**REQUIRED ACTION**
Please print only the top portion of the entries below, ending with the line that contains "Microsoft Windows 10", exactly as written.

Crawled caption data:
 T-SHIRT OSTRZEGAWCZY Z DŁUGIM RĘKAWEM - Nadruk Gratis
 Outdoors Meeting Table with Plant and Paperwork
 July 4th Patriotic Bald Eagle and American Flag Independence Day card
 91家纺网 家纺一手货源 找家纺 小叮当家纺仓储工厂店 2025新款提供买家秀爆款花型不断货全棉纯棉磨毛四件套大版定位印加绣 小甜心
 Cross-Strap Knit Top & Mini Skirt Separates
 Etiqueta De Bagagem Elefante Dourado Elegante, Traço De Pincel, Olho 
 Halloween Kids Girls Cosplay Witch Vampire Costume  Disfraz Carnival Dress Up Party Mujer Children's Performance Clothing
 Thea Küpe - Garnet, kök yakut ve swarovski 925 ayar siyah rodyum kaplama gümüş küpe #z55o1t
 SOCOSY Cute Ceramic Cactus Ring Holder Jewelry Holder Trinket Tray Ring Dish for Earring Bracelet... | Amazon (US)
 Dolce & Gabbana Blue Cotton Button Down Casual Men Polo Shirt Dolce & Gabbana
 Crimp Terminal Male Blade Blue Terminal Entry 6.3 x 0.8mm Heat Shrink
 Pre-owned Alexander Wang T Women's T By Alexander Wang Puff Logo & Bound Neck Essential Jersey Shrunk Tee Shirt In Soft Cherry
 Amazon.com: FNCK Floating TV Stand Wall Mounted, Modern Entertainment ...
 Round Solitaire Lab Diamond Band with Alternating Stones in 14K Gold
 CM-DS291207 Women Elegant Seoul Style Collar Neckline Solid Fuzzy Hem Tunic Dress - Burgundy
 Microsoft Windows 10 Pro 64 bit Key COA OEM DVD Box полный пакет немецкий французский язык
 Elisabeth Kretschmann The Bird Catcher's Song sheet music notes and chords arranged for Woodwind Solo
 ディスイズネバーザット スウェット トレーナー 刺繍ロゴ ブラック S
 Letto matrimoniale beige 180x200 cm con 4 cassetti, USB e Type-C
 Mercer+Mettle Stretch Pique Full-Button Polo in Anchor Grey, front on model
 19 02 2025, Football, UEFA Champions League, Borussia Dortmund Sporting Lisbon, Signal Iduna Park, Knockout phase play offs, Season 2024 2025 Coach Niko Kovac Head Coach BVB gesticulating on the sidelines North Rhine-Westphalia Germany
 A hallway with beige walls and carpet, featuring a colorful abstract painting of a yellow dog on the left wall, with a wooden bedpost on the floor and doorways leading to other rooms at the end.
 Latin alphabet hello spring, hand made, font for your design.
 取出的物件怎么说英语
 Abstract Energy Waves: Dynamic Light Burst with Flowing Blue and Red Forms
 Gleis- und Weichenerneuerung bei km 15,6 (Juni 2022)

**EXERCISE OUTPUT**
 T-SHIRT OSTRZEGAWCZY Z DŁUGIM RĘKAWEM - Nadruk Gratis
 Outdoors Meeting Table with Plant and Paperwork
 July 4th Patriotic Bald Eagle and American Flag Independence Day card
 91家纺网 家纺一手货源 找家纺 小叮当家纺仓储工厂店 2025新款提供买家秀爆款花型不断货全棉纯棉磨毛四件套大版定位印加绣 小甜心
 Cross-Strap Knit Top & Mini Skirt Separates
 Etiqueta De Bagagem Elefante Dourado Elegante, Traço De Pincel, Olho 
 Halloween Kids Girls Cosplay Witch Vampire Costume  Disfraz Carnival Dress Up Party Mujer Children's Performance Clothing
 Thea Küpe - Garnet, kök yakut ve swarovski 925 ayar siyah rodyum kaplama gümüş küpe #z55o1t
 SOCOSY Cute Ceramic Cactus Ring Holder Jewelry Holder Trinket Tray Ring Dish for Earring Bracelet... | Amazon (US)
 Dolce & Gabbana Blue Cotton Button Down Casual Men Polo Shirt Dolce & Gabbana
 Crimp Terminal Male Blade Blue Terminal Entry 6.3 x 0.8mm Heat Shrink
 Pre-owned Alexander Wang T Women's T By Alexander Wang Puff Logo & Bound Neck Essential Jersey Shrunk Tee Shirt In Soft Cherry
 Amazon.com: FNCK Floating TV Stand Wall Mounted, Modern Entertainment ...
 Round Solitaire Lab Diamond Band with Alternating Stones in 14K Gold
 CM-DS291207 Women Elegant Seoul Style Collar Neckline Solid Fuzzy Hem Tunic Dress - Burgundy
 Microsoft Windows 10 Pro 64 bit Key COA OEM DVD Box полный пакет немецкий французский язык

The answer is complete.